- The problem
Restate all of the records below exactly. Do not carry over any image.

[Input data]

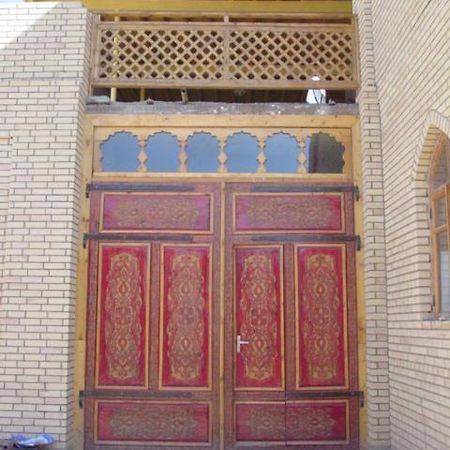 Islambek Khiva Exterior foto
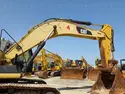 2018 Caterpillar 349D2L-34105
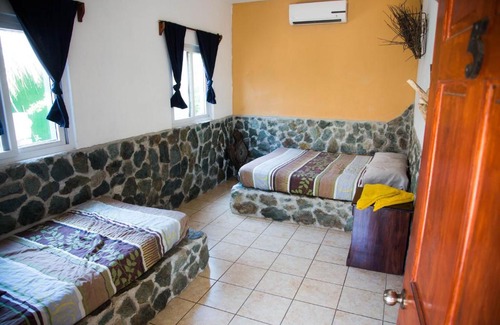 El Paredon Hostel | The Driftwood Surfer, Best Beach Hostel, Hotel, El Paredon, Guatemala, 2 NIGHTS MINIMUM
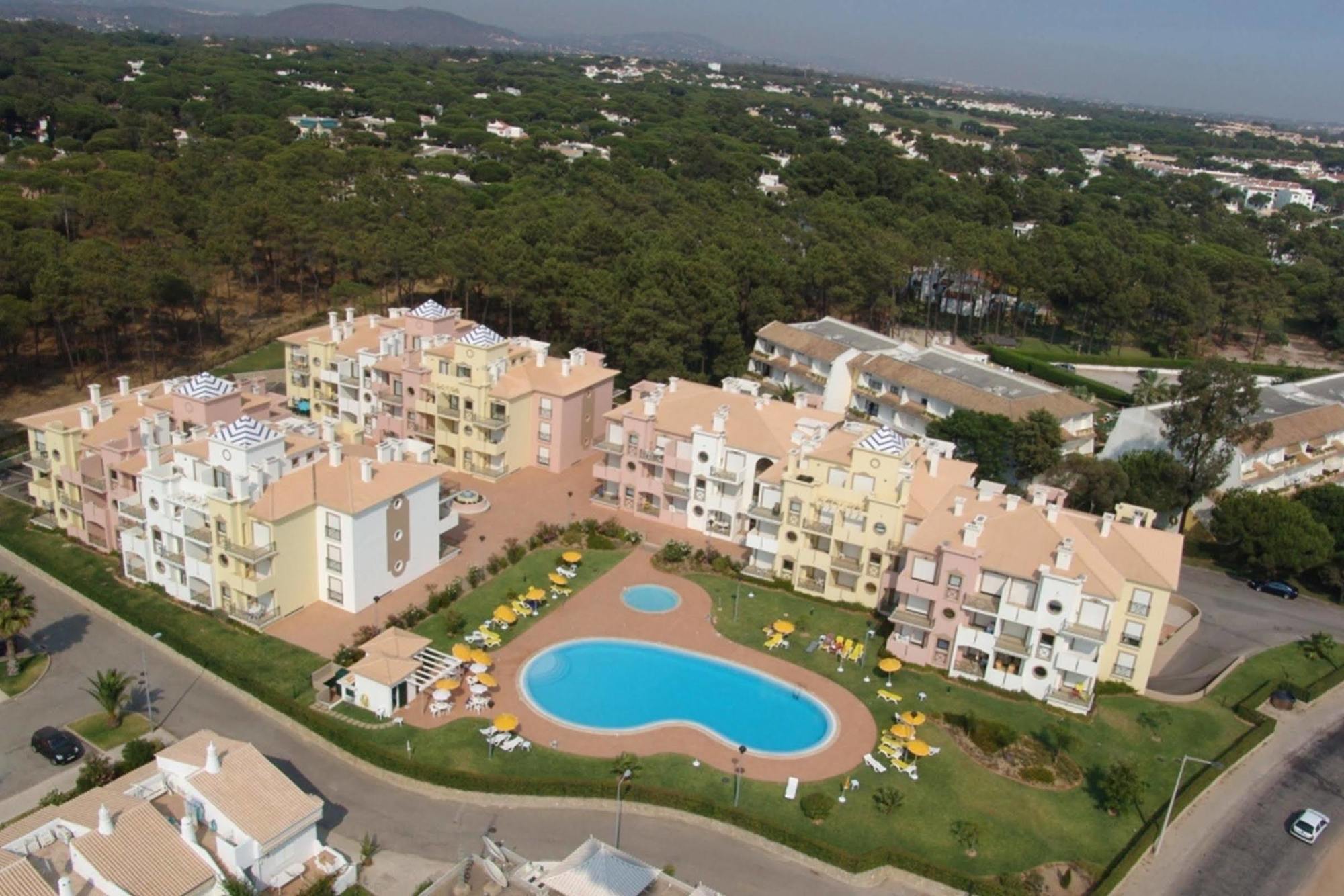 Eden Village By Garvetur Vilamoura Buitenkant foto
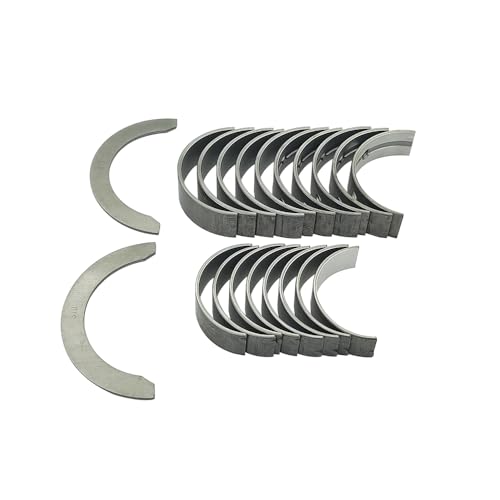 Rodamientos de cigüeñal STD para Hyundai Elantra y Kia Soul 1.8L 2.0L 7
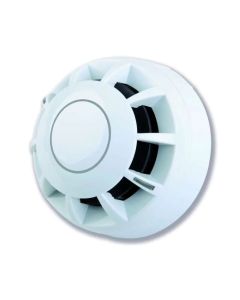 C-TEC Hush-Pro Optical Smoke Detector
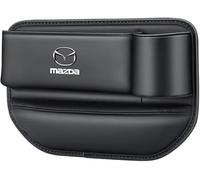 VBGPWAD Boîte Rangement D'espace Siège D'auto pour Mazda MX-30 2020-2025, Organisateur Côté Latéral D'auto Éviter Choses Tombent Entre Les Sièges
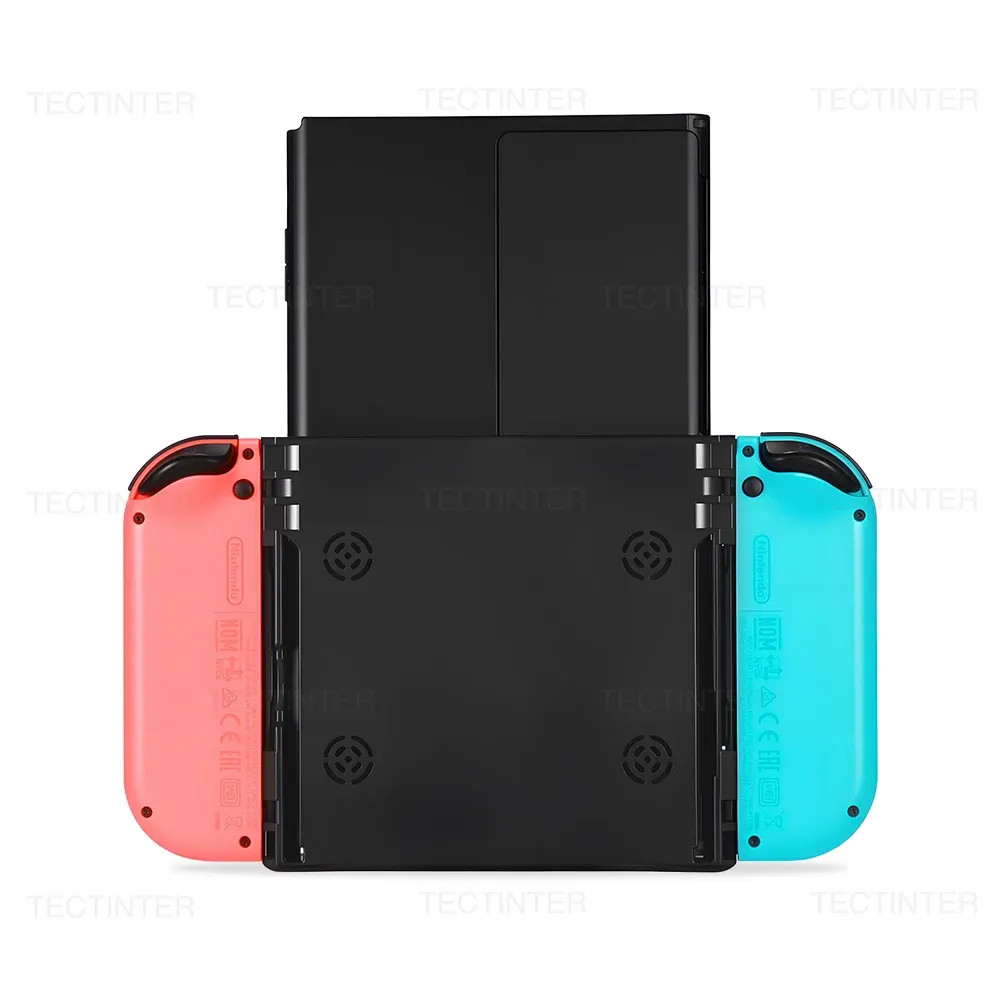 Support ventilé pour console Nintendo Switch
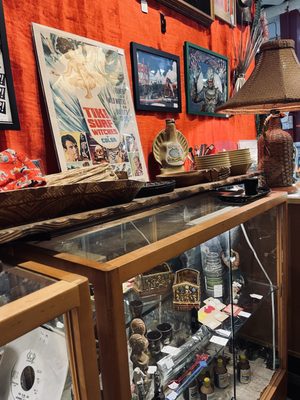 Main Street Peddlers Antique Mall by null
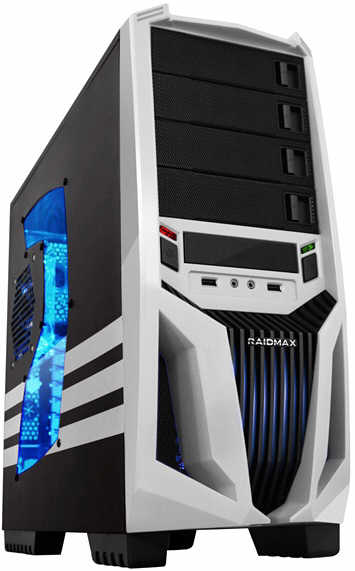 Raidmax Blade 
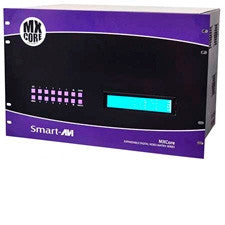 SmartAVI MXC-HD32X16S MXCORE-HD Expandable HDMI 32X16 Matrix Switcher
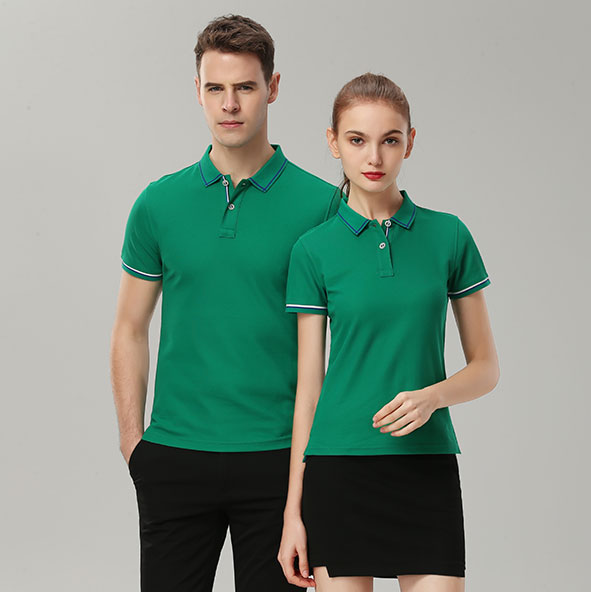 夏季工作服裝 短袖T恤JL-XJ399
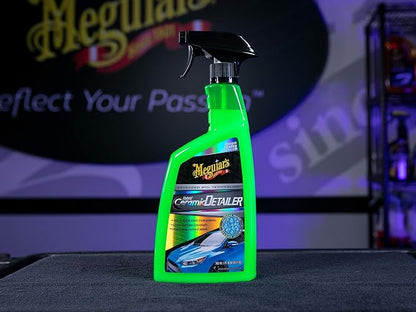 Meguiar's G200526 Detailer Hybrid Ceramic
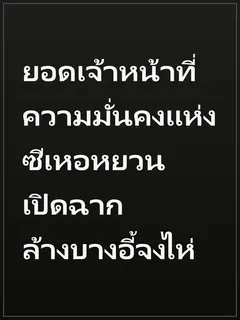ยอดเจ้าหน้าที่ความมั่นคงแห่งซีเหอหยวน เปิดฉากล้างบางอี้จงไห่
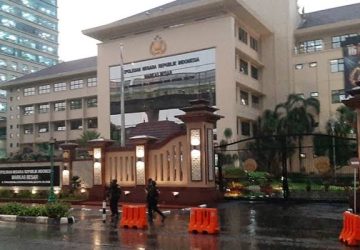 Tertangkap di Lampung Buronan Jepang Kasus Penipuan Dana COVID-19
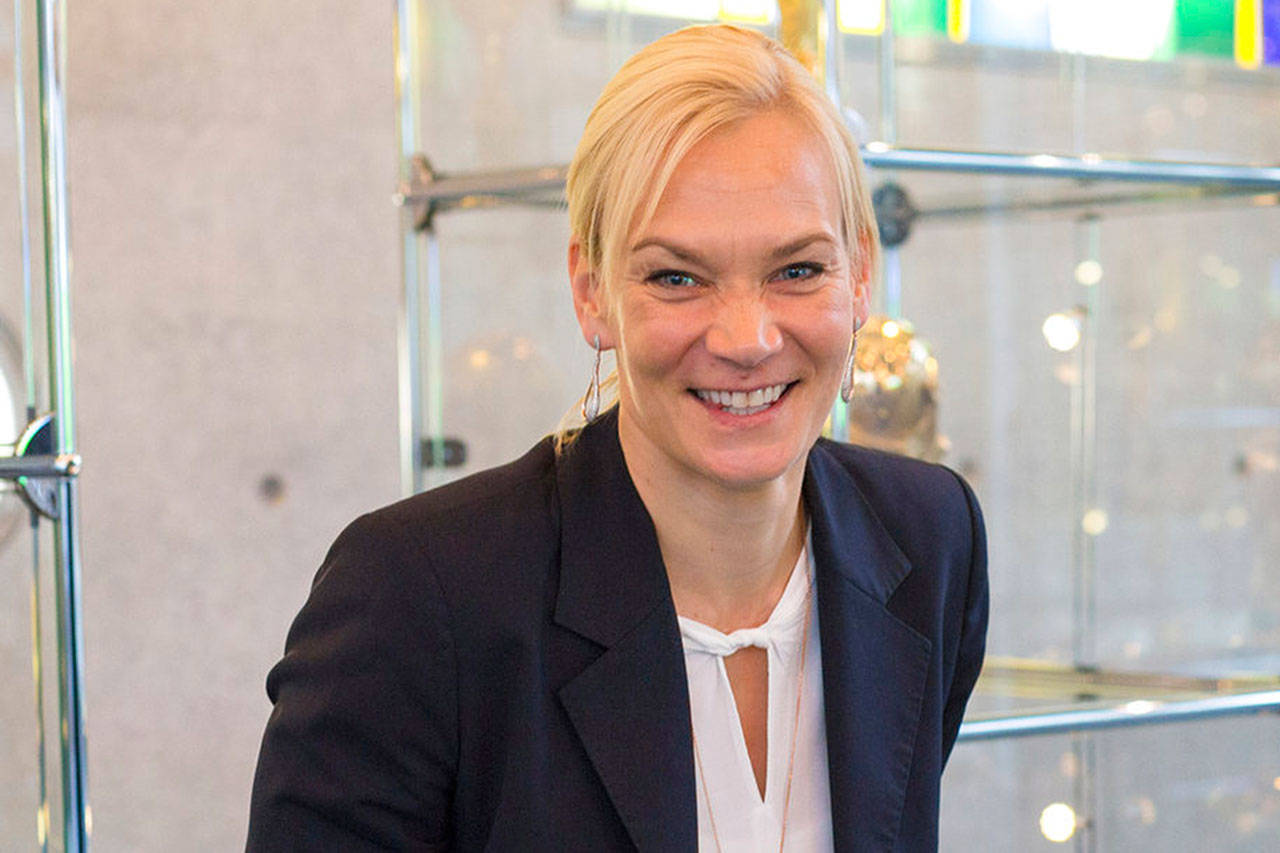 (AP Foto/Ciaran Fahey)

[/Input data]

- Response
 Islambek Khiva Exterior foto
 2018 Caterpillar 349D2L-34105
 El Paredon Hostel | The Driftwood Surfer, Best Beach Hostel, Hotel, El Paredon, Guatemala, 2 NIGHTS MINIMUM
 Eden Village By Garvetur Vilamoura Buitenkant foto
 Rodamientos de cigüeñal STD para Hyundai Elantra y Kia Soul 1.8L 2.0L 7
 C-TEC Hush-Pro Optical Smoke Detector
 VBGPWAD Boîte Rangement D'espace Siège D'auto pour Mazda MX-30 2020-2025, Organisateur Côté Latéral D'auto Éviter Choses Tombent Entre Les Sièges
 Support ventilé pour console Nintendo Switch
 Main Street Peddlers Antique Mall by null
 Raidmax Blade 
 SmartAVI MXC-HD32X16S MXCORE-HD Expandable HDMI 32X16 Matrix Switcher
 夏季工作服裝 短袖T恤JL-XJ399
 Meguiar's G200526 Detailer Hybrid Ceramic
ยอดเจ้าหน้าที่ความมั่นคงแห่งซีเหอหยวน เปิดฉากล้างบางอี้จงไห่
 Tertangkap di Lampung Buronan Jepang Kasus Penipuan Dana COVID-19
 (AP Foto/Ciaran Fahey)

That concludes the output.